# About this task
Pictures in the listing do not belong in the copy, which should repeat exactly the lines from the one holding "Grafik1.2 Jumlah Keterlambatan" through the last line.

# Data section
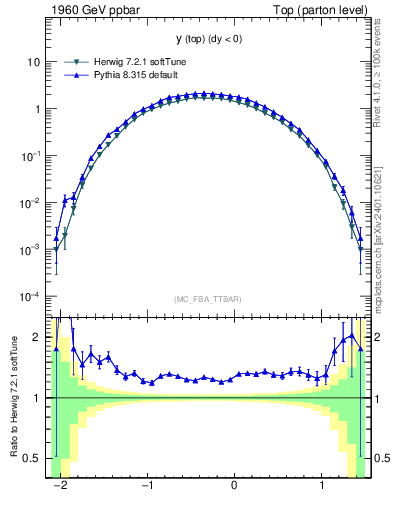 Plot of ytop in 1960 GeV ppbar collisions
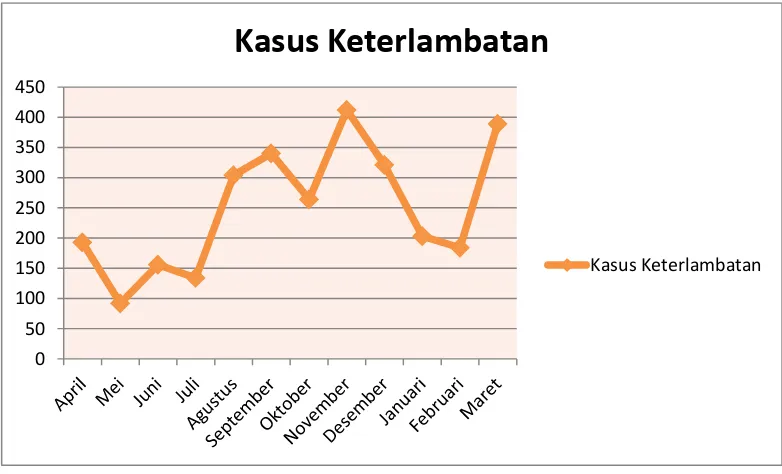 Grafik1.2 Jumlah Keterlambatan Karyawan PT. Multi Servisindo Sarana Bulan April 2013 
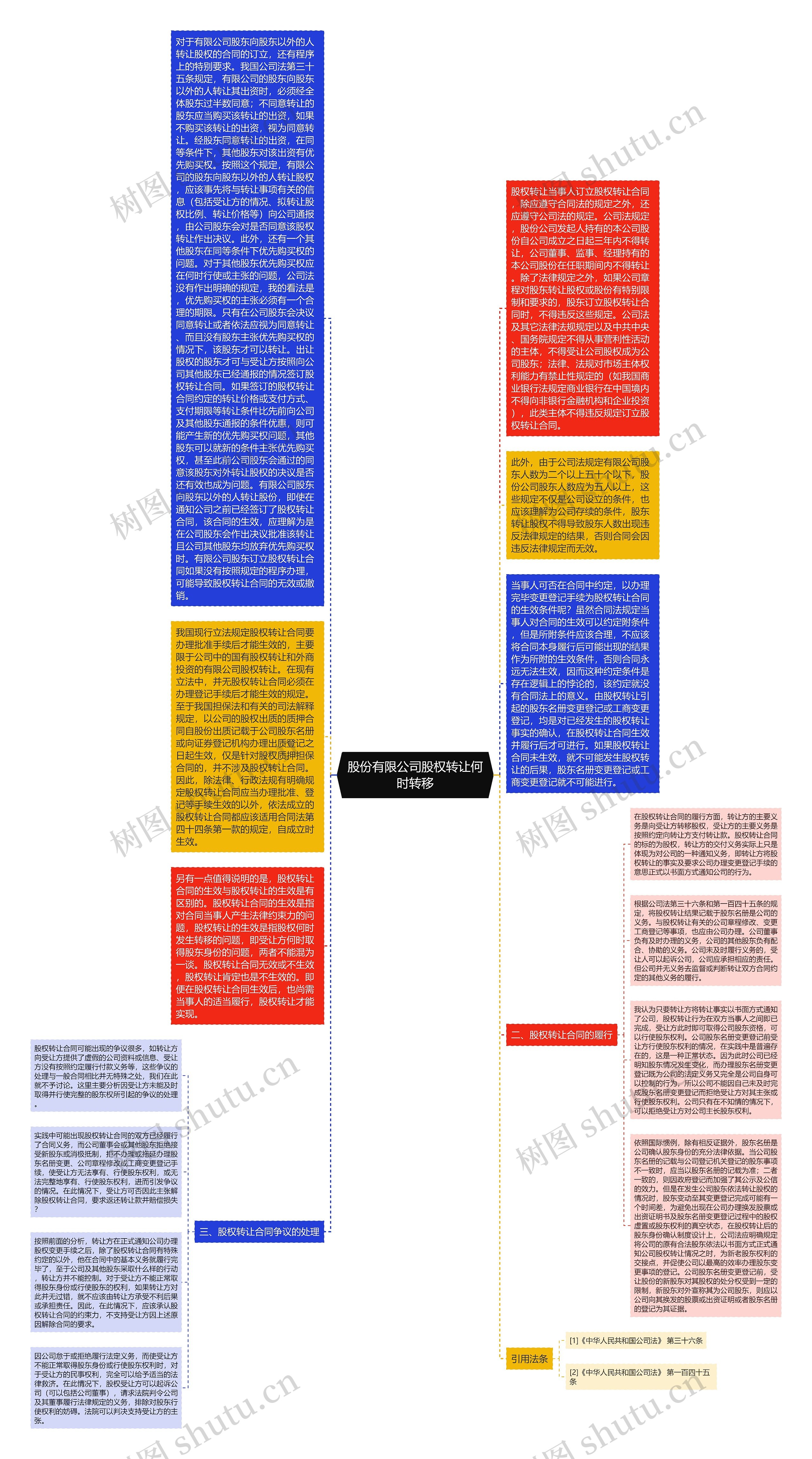 股份有限公司股权转让何时转移思维导图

# Exercise answer
 Grafik1.2 Jumlah Keterlambatan Karyawan PT. Multi Servisindo Sarana Bulan April 2013 
 股份有限公司股权转让何时转移思维导图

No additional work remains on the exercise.